Le NPS s'enferme dans l'opposition



Entretien avec Julien Dray, co-fondateur du Nouveau Parti socialiste,
paru dans le quotidien Libération daté du mardi 18 février 2003.
Propos recueillis par Paul Quinio


 

Arnaud Montebourg et Vincent Peillon considèrent que vous ne faites plus partie du NPS. Vous êtes viré ou c'est vous qui partez ?
J'ai fondé, avec eux, le Nouveau Parti socialiste. Je n'ai pas à le quitter. Mais j'ai le droit de poser des questions sur la stratégie à suivre. Veut-on être utile au PS, ou est-on simplement là pour prendre date, pour commencer une longue mar che personnelle, pour faire un coup ?

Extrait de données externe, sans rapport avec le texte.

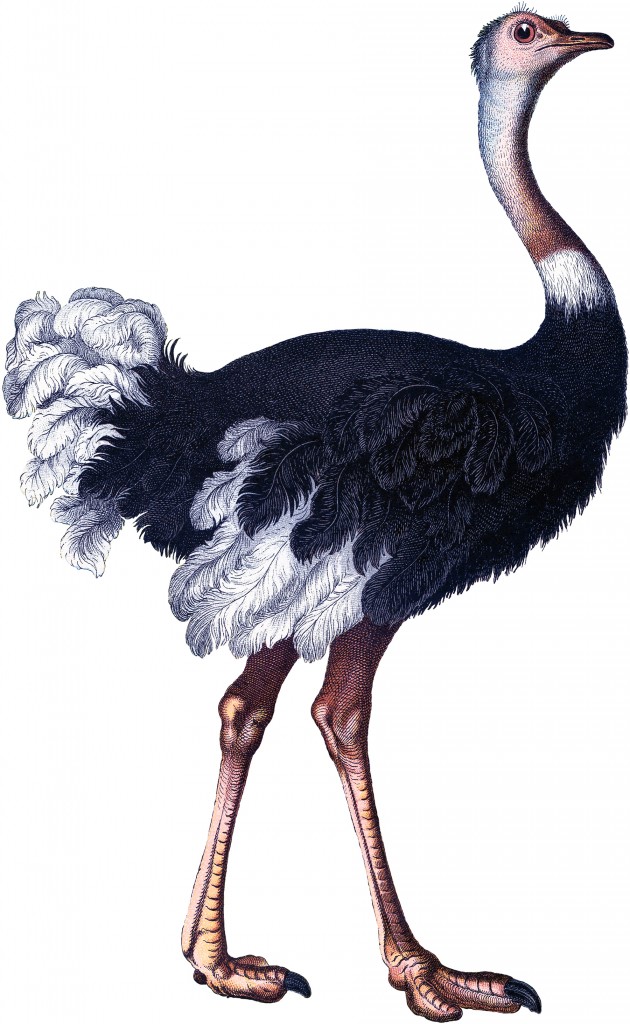 Vintage Ostrich Image
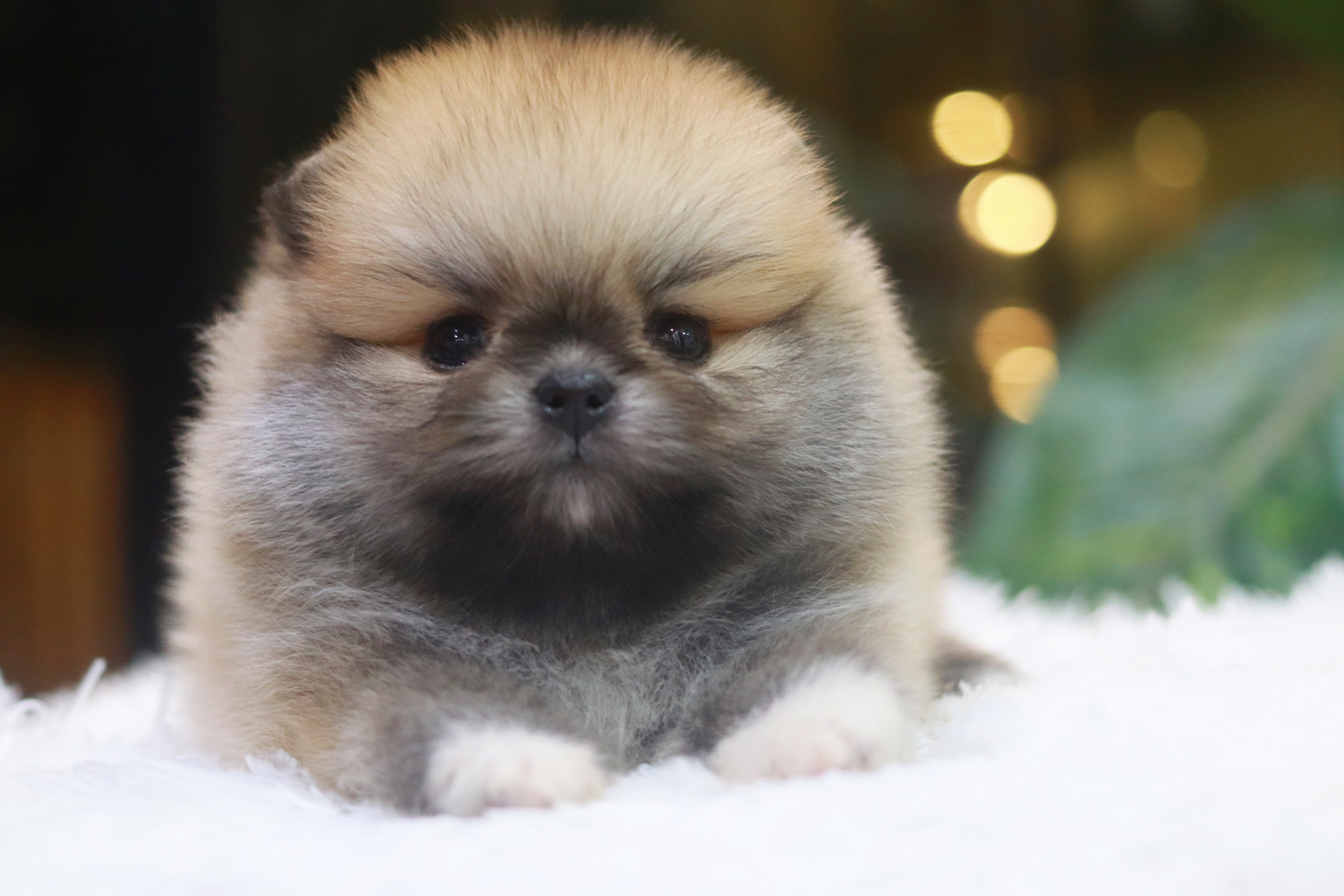 ปอมเมอเรเนียน เพศผู้ สีหน้าหมี ขนแน่น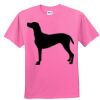 Youth 5.5 oz., 50/50 T-Shirt Thumbnail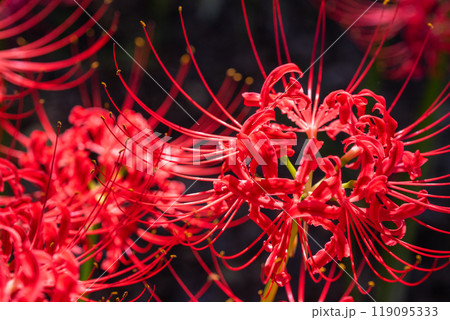 《埼玉県》彼岸花の絨毯・巾着田曼珠沙華公園 《埼玉県》彼岸花の絨毯・巾着田曼珠沙華公園 119095333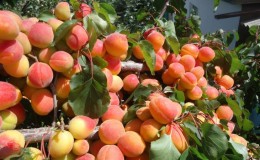 Les meilleures variétés d'abricots pour la Russie centrale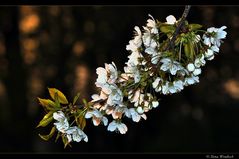 ~ Kirschblüten ~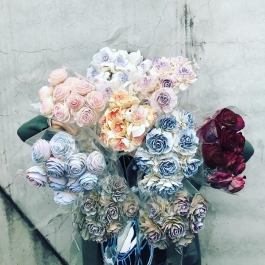 乾燥小美眉_小大理花_蝴蝶花 索拉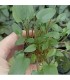 LOTE DE 5 CRYPTOCORYNE 15€
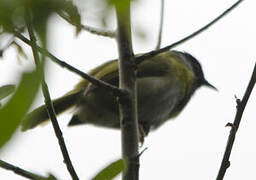 Mountain Masked Apalis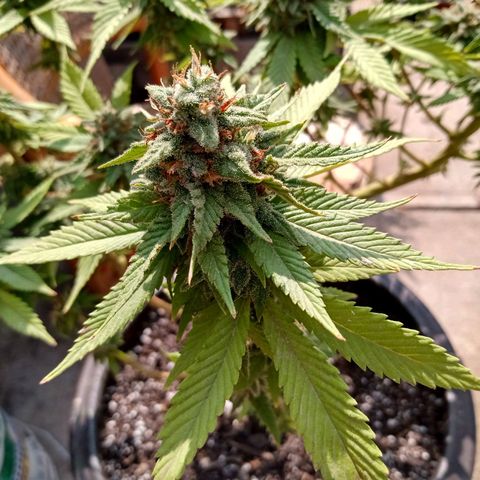 PYK  growlog timeline photo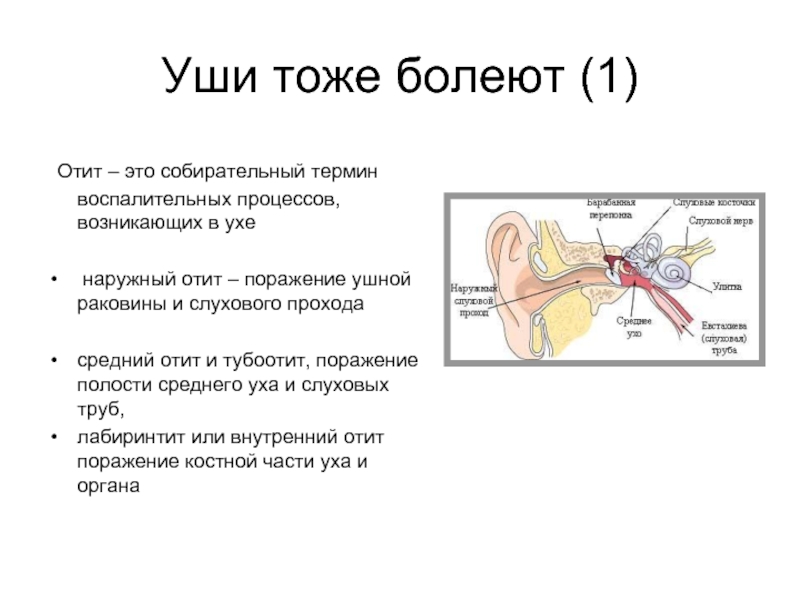 Заложенность уха тубоотит. Среднее ухо термин.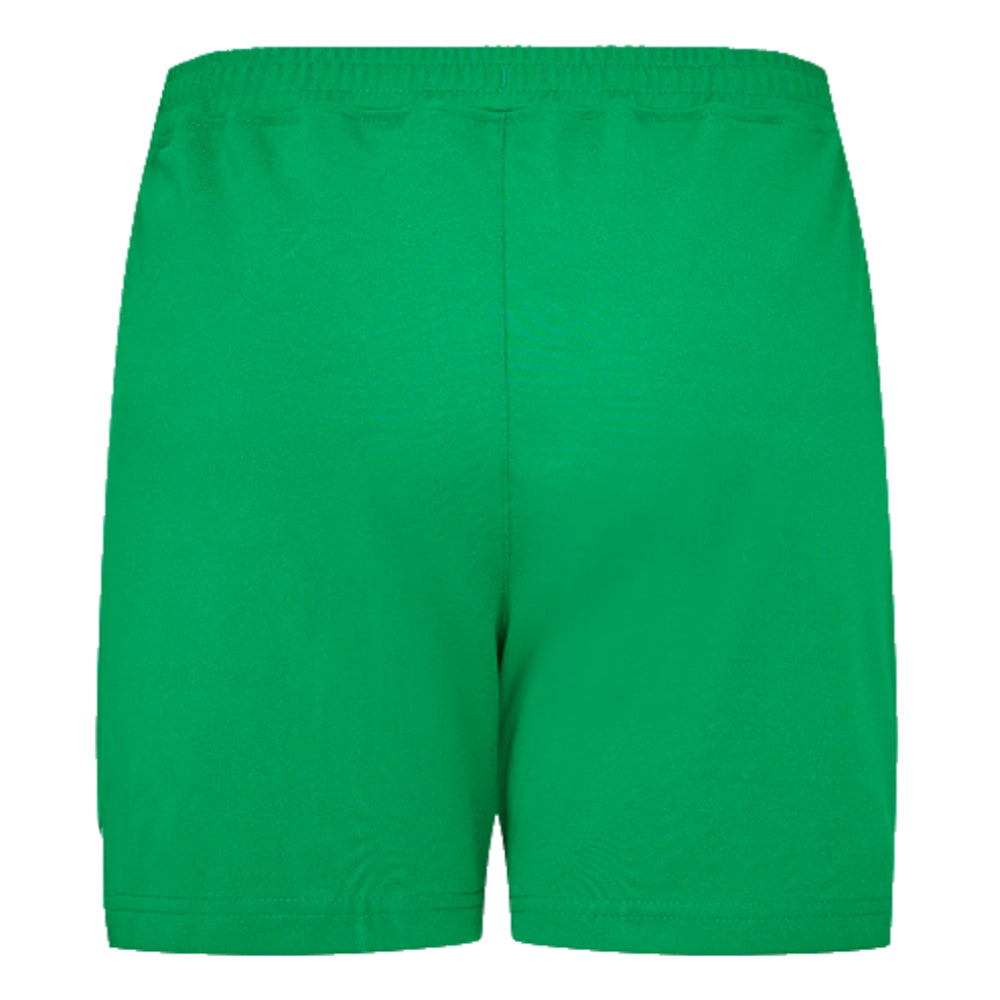 2023-2024 Republic of Ireland Away Shorts (Green)_1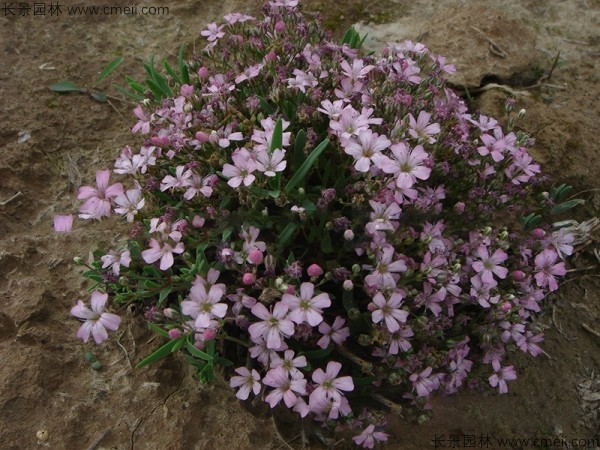 滿天星植物開花圖片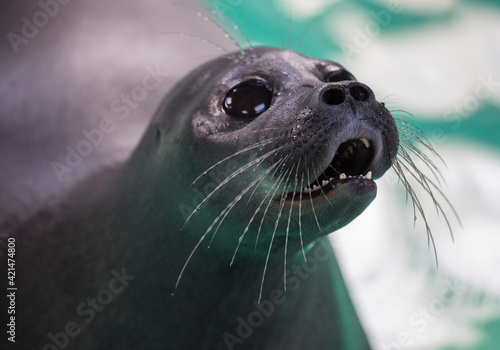 Baikal seal or Nerpa endemic of lake Baikal looking at the camera with huge clever eyes photo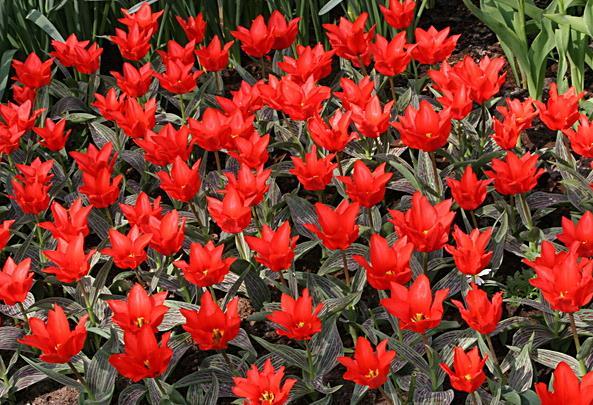 Tulipa greigii Botanische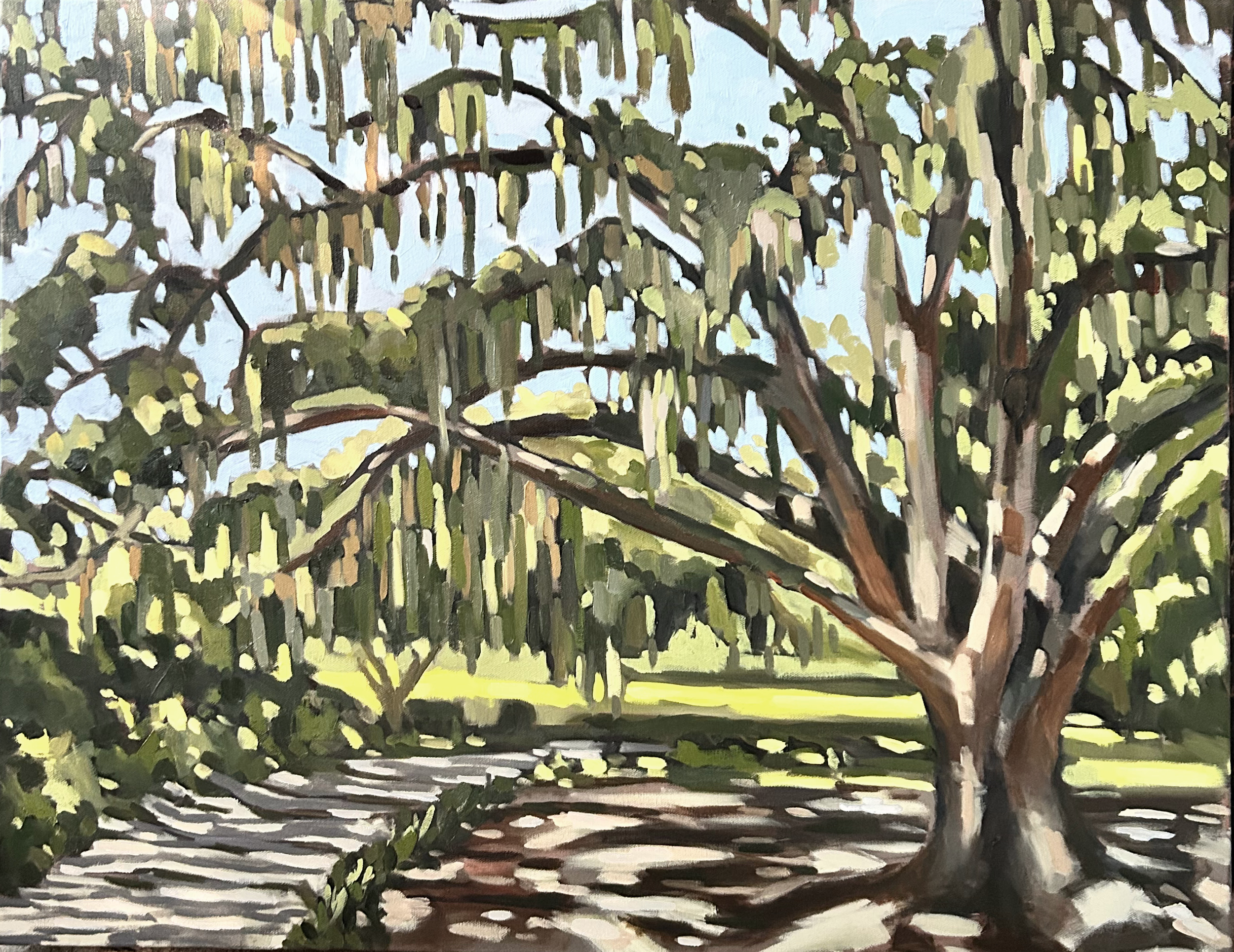 Live Oak.png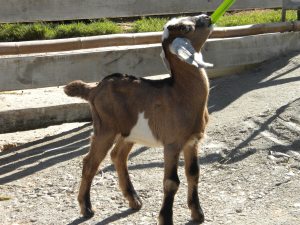 Baby Goat "Chowing Brains"...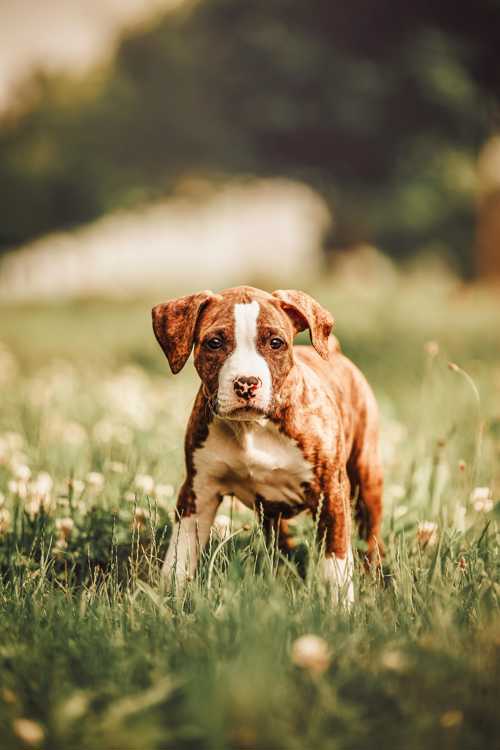 Engelsk Staffordshire Bullterrier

Vous visez Arnaud Montebourg ?
Sans commentaire. Je préfère tourner ma langue sept fois dans ma bouche avant de dire des bêtises. Ce n'est pas une querelle personnelle.

Pourquoi ce divorce ?
La bataille du congrès n'est ni une revanche, ni la préparation d'un coup d'Etat. Il me semble important, pour ne pas rester dans un discours imprécateur, de participer à la discussion qui a lieu autour de François Hollande avec toutes les autres contributions. Sinon, cela veut dire que le congrès est déjà joué et que la seule question qui compte, c'est celle du rapport de force avec le premier secrétaire. Cet argument, je le conteste.

Vous serez donc présent à la réunion des signataires de contributions autour de François Hollande ?
Il fallait déjà y aller la semaine dernière. La décision de ne pas s'y rendre constitue un tournant par rapport à la stratégie initiale du NPS. Moi, je sais ce que je veux depuis le début. Je veux créer les conditions pour peser sur la majorité et réancrer le PS dans le combat social. Il n'y a pas de divergences fondamentales avec le texte de Hollande. Mais il subsiste beaucoup de flou. D'où la nécessité de participer à la discussion en posant des questions, sur l'Europe, les institutions, la précarité, les salaires, ou la coalition «arc-en-ciel» comme stratégie d'alliance à gauche. Le NPS est en train de s'enfermer dans une stratégie d'opposition frontale. Or les militants ne veulent pas d'un combat fratricide.

Vous pourriez vous retrouver sur la même motion que Laurent Fabius et Dominique Strauss-Kahn ?
Tout dépend du contenu du texte. C'est tout le problème de ce congrès : peut-on faire confiance aux gens ? Dans un parti politique, si on fonctionne uniquement sur la défiance, on ne s'en sort plus, c'est la scission permanente. On peut être utile à son parti sans perdre son âme.

Regrettez-vous d'avoir cofondé le NPS ?
La force du NPS n'est pas liée à tel ou tel individu. Ce que nous avons fait au départ, en brassant les idées, en mélangeant des cultures, a été utile. Je ne veux pas gaspiller cet acquis. Après le congrès, l'imprécation des mots et le fétichisme des formules, il faudra bien vivre ensemble. L'adversaire principal, c'est la droite. Je me vois mal être dans l'opposition à l'opposition. Nous ne sommes pas là pour être minoritaires pour le plaisir d'être minoritaires. Certains au NPS pensent que ce congrès n'est pas décisif pour leur génération. Que serait cette génération qui, pour des raisons obscures, ne donnerait pas au PS le meilleur d'elle-même au moment où il en a le plus besoin ? C'est maintenant qu'il faut être disponible, pas dans trois ans. On n'a pas le droit de sauter un tour. On a besoin d'un PS fort tout de suite.